Outside the church–St. Matthews Cathedral in Washington–journalistic and political and entertainment families were united at the funeral of the former Motion Picture Association of America President, who died of a stroke last week at age 85.
For most, that is a "well done, oh good and faithful servant" age, when death is not unexpected, if no less painful. But Jack Valenti was a man of such energy and will that his death, no matter when it came, would be a shock. Indefatigable, indestructable, and indomitable all come to mind.
Valenti, as perhaps no one else, bridged the worlds of Hollywood and politics, making friends and respected opponents. He seemed to have no enemies save sloth and censorship. The friends, and they were legion, showed up in droves and phalanxes Tuesday.
Mike and Chris Wallace were there, as were Kirk and Michael Douglas. John Dingell and Joe Biden and Ted Stevens and John Kerry and Barry Diller and Martin Scorsese and Steven Spielberg. There was Ted Koppel and Paul Begala and Brad Grey and Arlen Specter (and the credits could roll on for a page or two at least).

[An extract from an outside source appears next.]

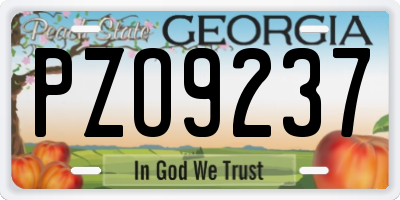 GA license plate PZO9237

The funeral and reception were closed to the media, which instead staked out the perimeter of the church, capturing the throng as it exited an approximately two-hour service for the lion-maned former bomber pilot, ad man, presidential adviser, and movie industry lobbyist.
In deference to the request for privacy, I won't talk about the service, but a litany of some of the honorary pallbearers tells you all you need to know about both how important and admired and loved the man was.
Joe Allbritton, Steven Bochco, Benjamin Bradlee, Warren Buffet, Peter Chernin, Robert Iger, Edward Kennedy, Sherry Lansing, John Dolgen, Patrick Leahy, Clint Eastwood, Arnold Schwarzenegger, Ted Stevens, George Stevens Jr., George Tenet, Robert Wagner, Bill Moyers….The list goes on and on, as I fully expect will the impact of the man they all came to say goodbye to.
I am familiar with the inside of the cathedral. Above and flanking the altar, perched as if to command a soaring space that ends in a dome the color of Tuesday's sky, sits a lion with his wings outstretched and behind his head what could be a halo or a spotlight or, in this case I think, both.